**Available data**

:::

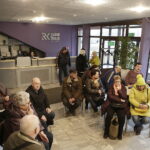 27.03.2018 Radio Kielce. Wypełnianie zeznań podatkowych z udziałem pracowników kieleckich urzędów skarbowych / Jarosław Kubalski / Radio Kielce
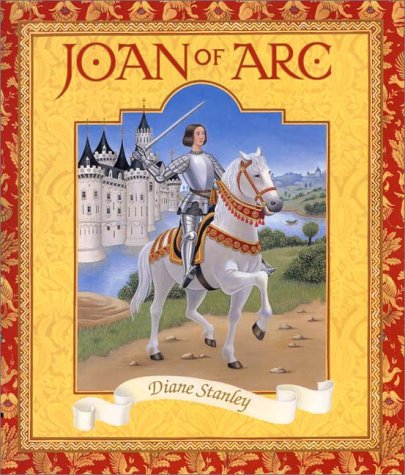 9780688143305: Joan of Arc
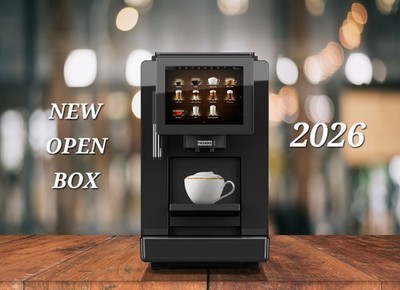 FRANKE A300 Coffee Espresso System Super Automatic Machine NEW OPEN BOX 120V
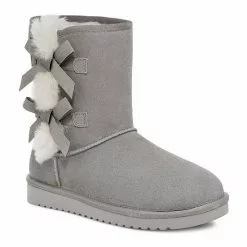 Koolaburra By UGG Victoria Short Women's Winter Boots Zin -Koolaburra by UGG shop unnamed file 146
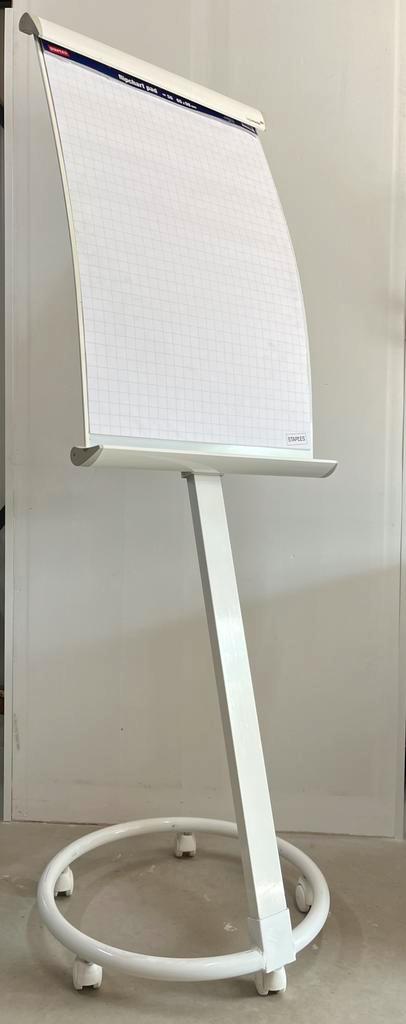 Legamaster verijdbaar flipover / whiteboard, Diversen, Schoolborden, Gebruikt, Whiteboard, Mobiel, Ophalen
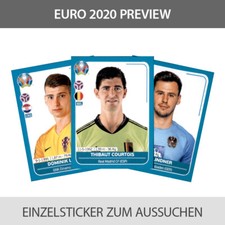 Panini EURO 2020 PREVIEW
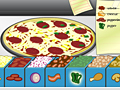 Pizza Making to play online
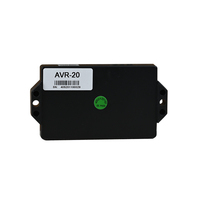 Régulateur de tension automatique sans balais OEM AVR-20 AVR20 pour générateur diesel - Pièces de réparation de moteur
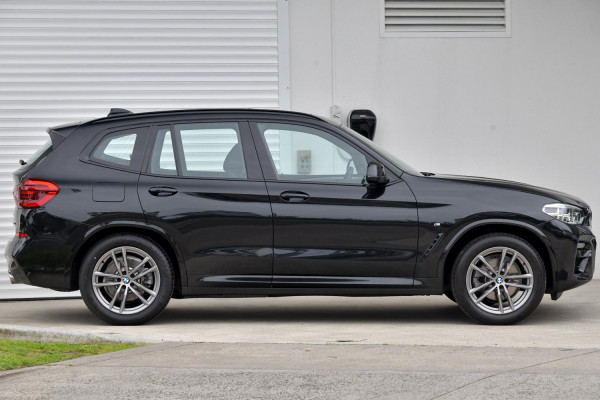 2020 BMW X3 G01 sDrive20i SUV image 3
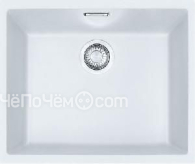 Кухонная мойка Franke SID110-503,5",цветполярныйбелый (125.0443.352)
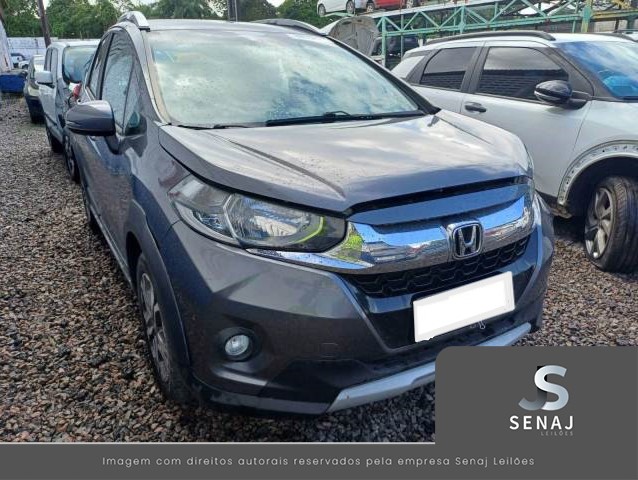 HONDA WR-V EXL 1.5 16V I-VTEC 18/18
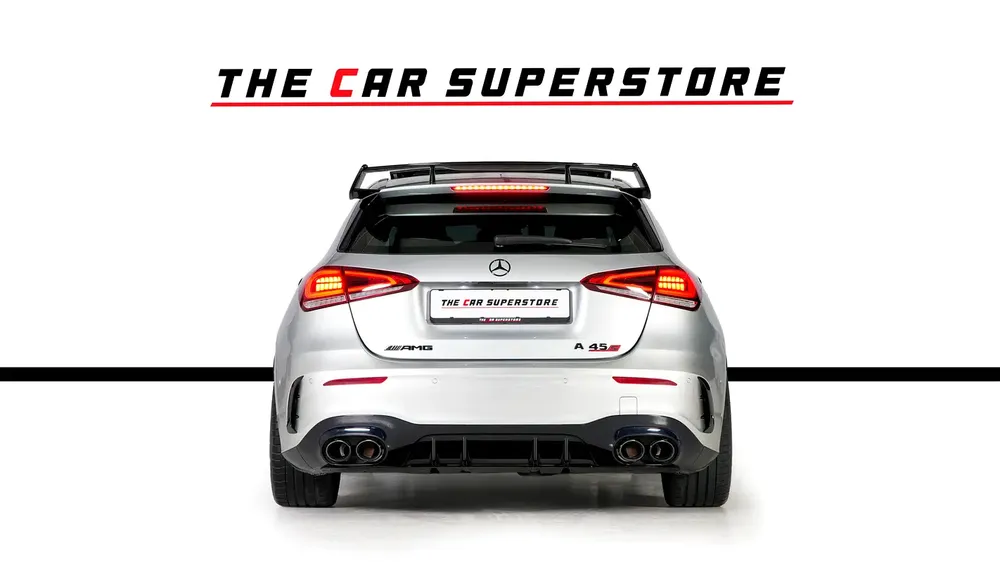 Mercedes Benz A45 - Aero kit -AMG -Well maintained - Image 7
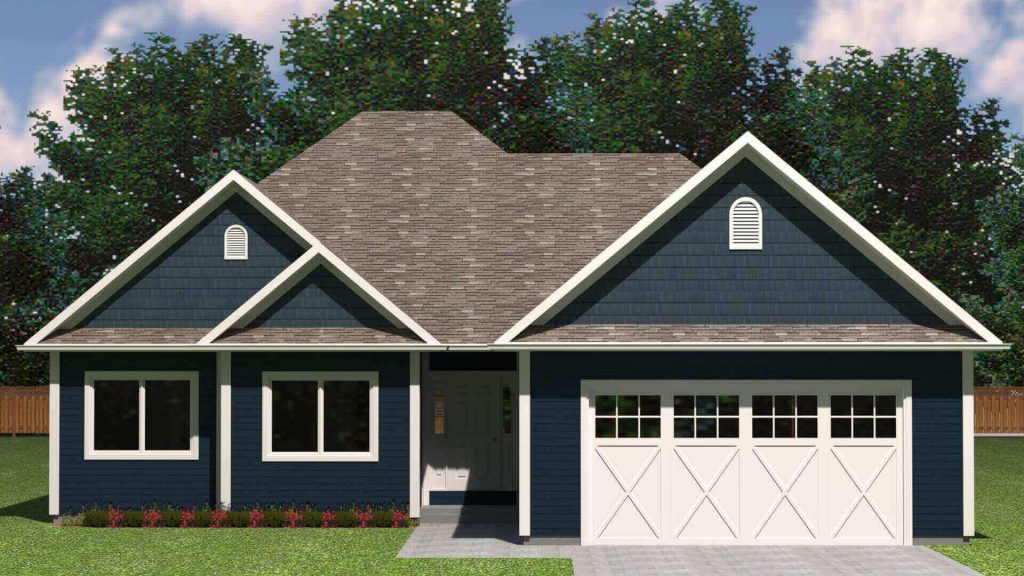 House Rendering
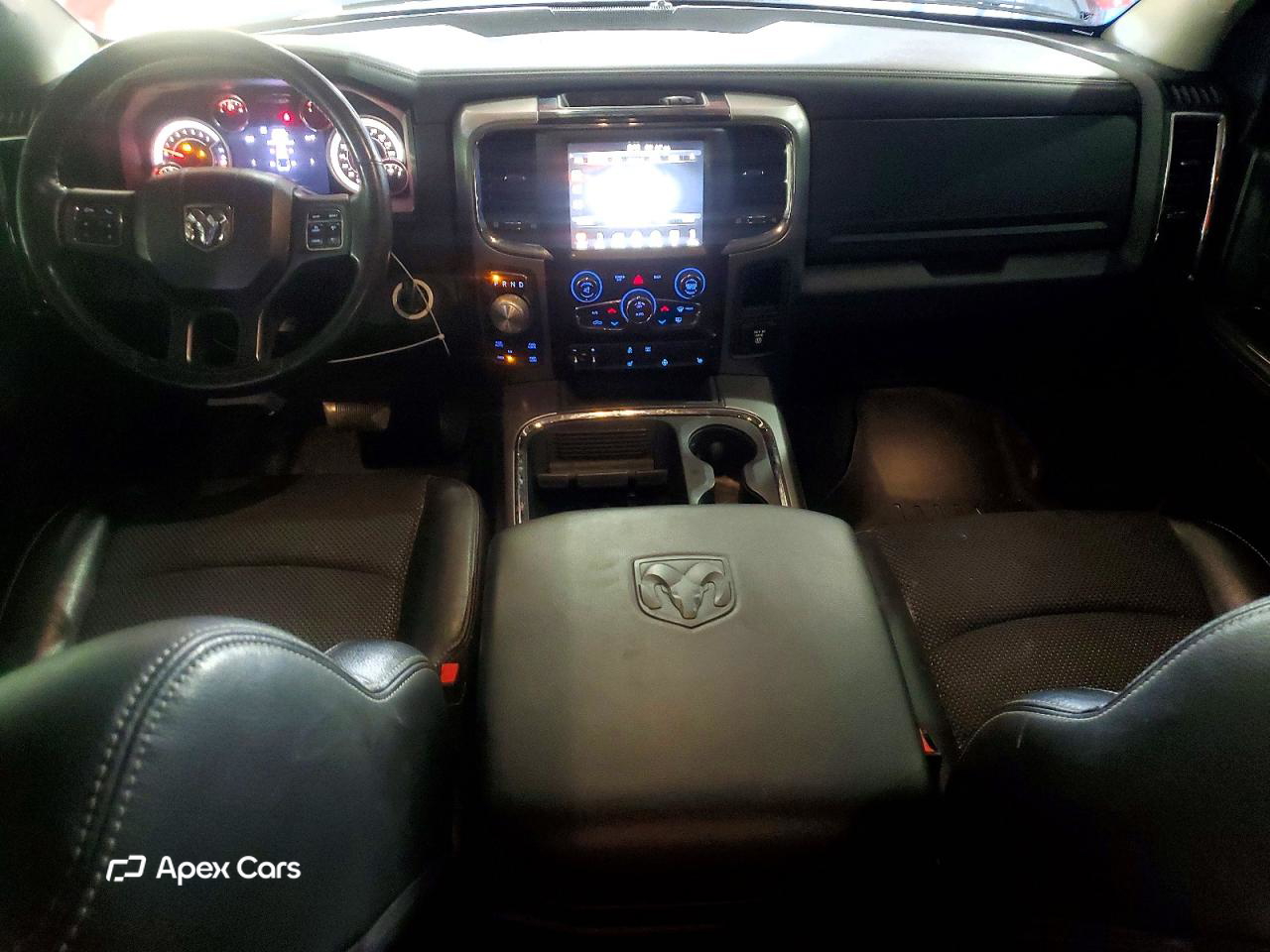RAM 1500 2016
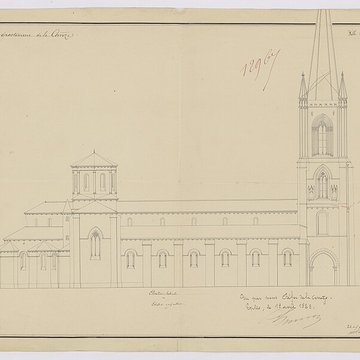 Cathédrale Notre-Dame de Tulle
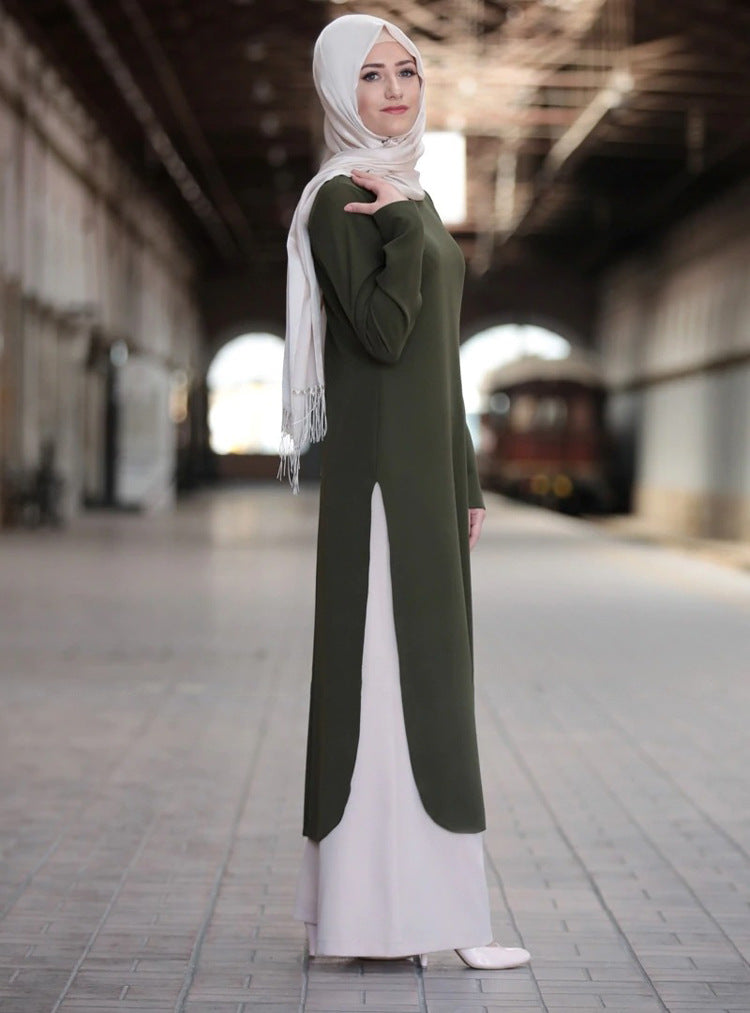 Elegant Modest Pant Suit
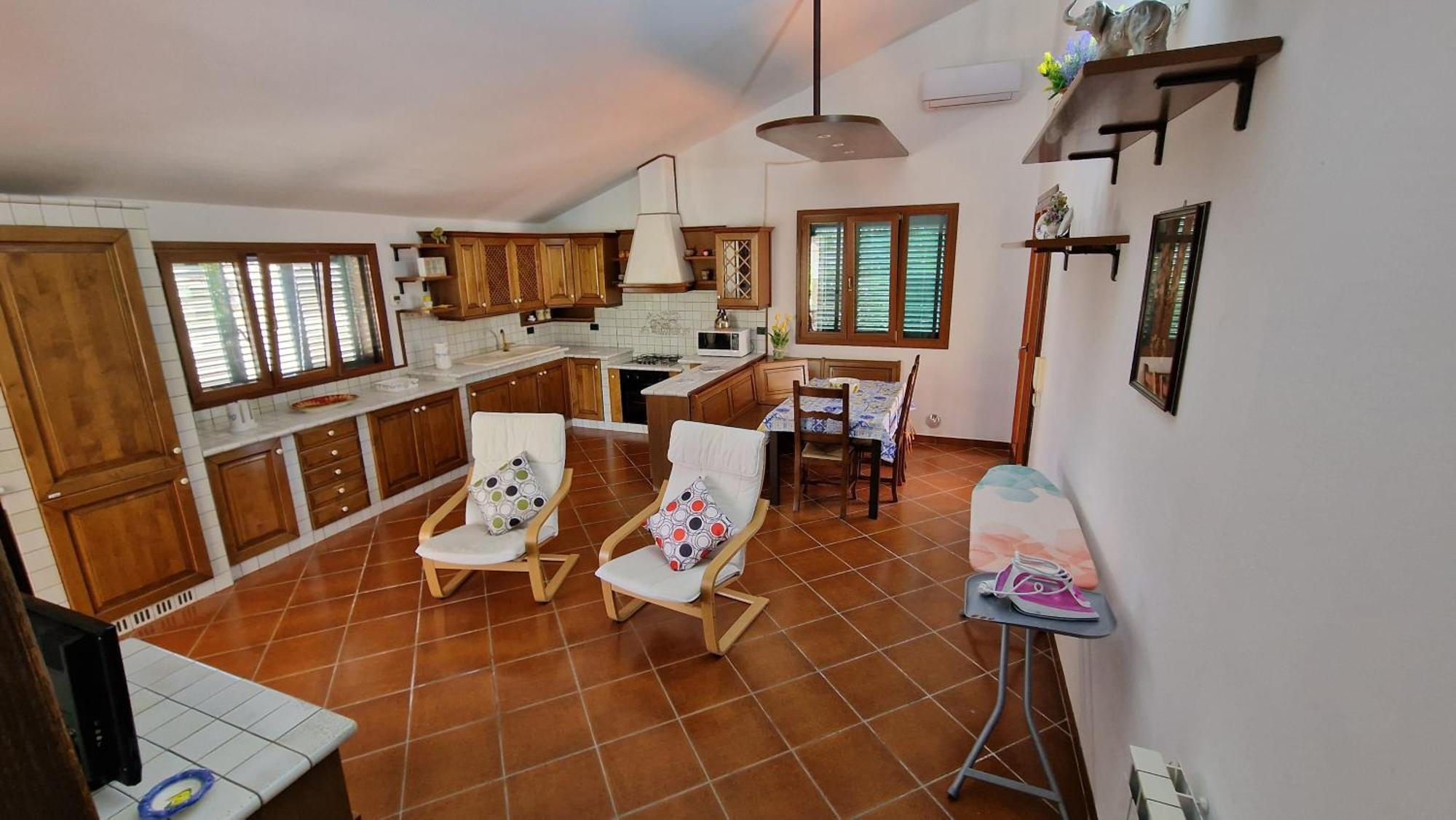 Villa Carlotta Brucoli Luaran gambar
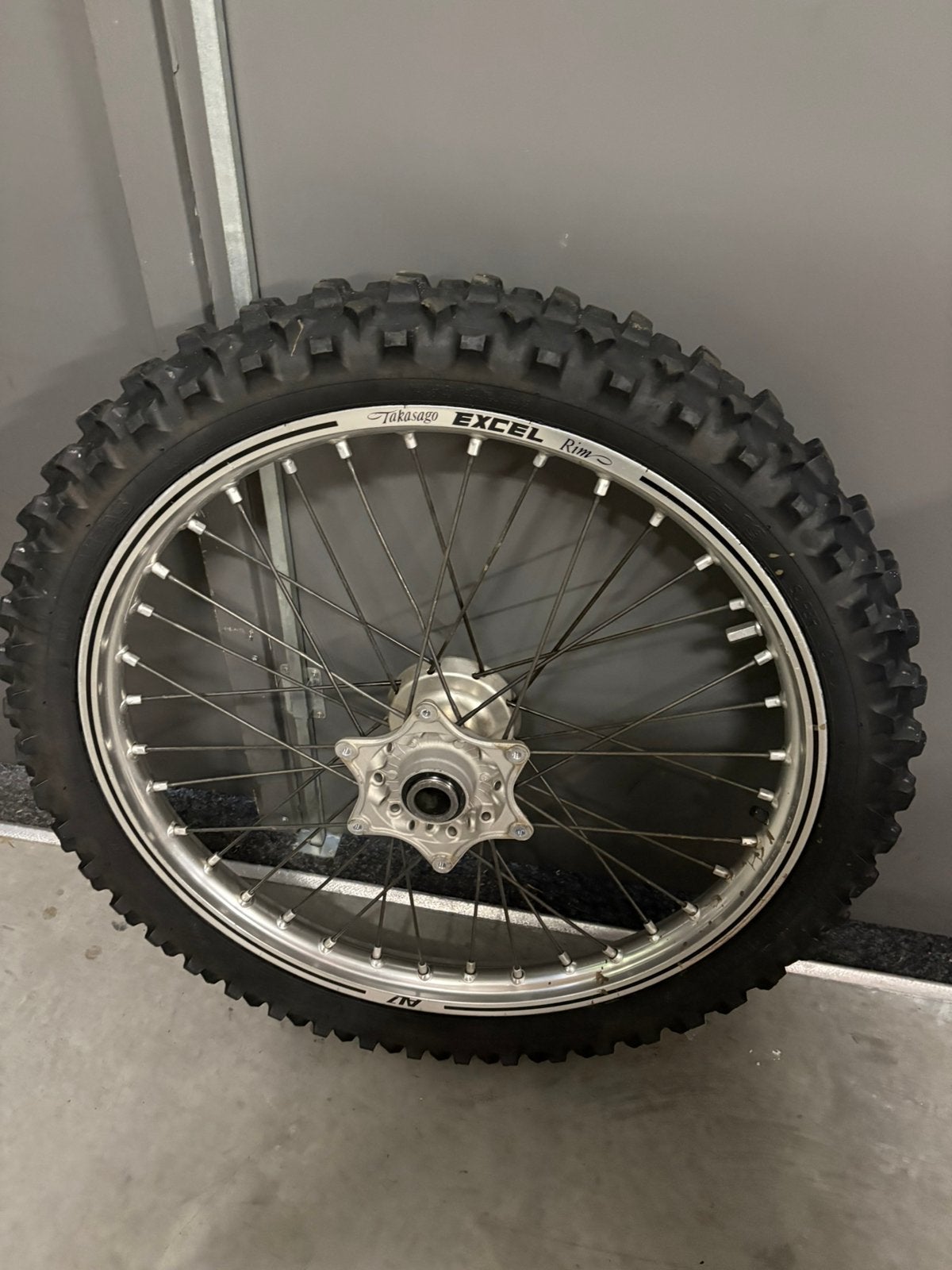 Ktm voorwiel 21 inch, Ophalen of Verzenden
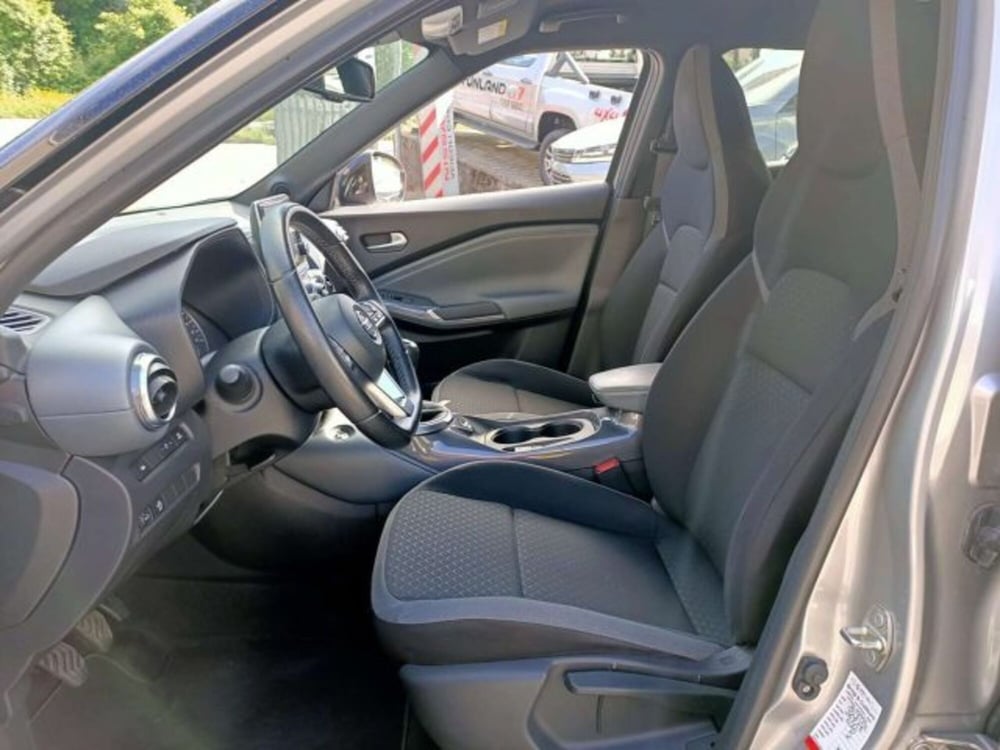 Nissan Juke usata a Firenze (11)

:::

**Exercise goal**
Without the pictures, give all of the entries above again exactly.

**Output for this task**
 27.03.2018 Radio Kielce. Wypełnianie zeznań podatkowych z udziałem pracowników kieleckich urzędów skarbowych / Jarosław Kubalski / Radio Kielce
 9780688143305: Joan of Arc
 FRANKE A300 Coffee Espresso System Super Automatic Machine NEW OPEN BOX 120V
 Koolaburra By UGG Victoria Short Women's Winter Boots Zin -Koolaburra by UGG shop unnamed file 146
 Legamaster verijdbaar flipover / whiteboard, Diversen, Schoolborden, Gebruikt, Whiteboard, Mobiel, Ophalen
 Panini EURO 2020 PREVIEW
 Pizza Making to play online
 Régulateur de tension automatique sans balais OEM AVR-20 AVR20 pour générateur diesel - Pièces de réparation de moteur
 2020 BMW X3 G01 sDrive20i SUV image 3
 Кухонная мойка Franke SID110-503,5",цветполярныйбелый (125.0443.352)
 HONDA WR-V EXL 1.5 16V I-VTEC 18/18
 Mercedes Benz A45 - Aero kit -AMG -Well maintained - Image 7
 House Rendering
RAM 1500 2016
 Cathédrale Notre-Dame de Tulle
 Elegant Modest Pant Suit
 Villa Carlotta Brucoli Luaran gambar
 Ktm voorwiel 21 inch, Ophalen of Verzenden
 Nissan Juke usata a Firenze (11)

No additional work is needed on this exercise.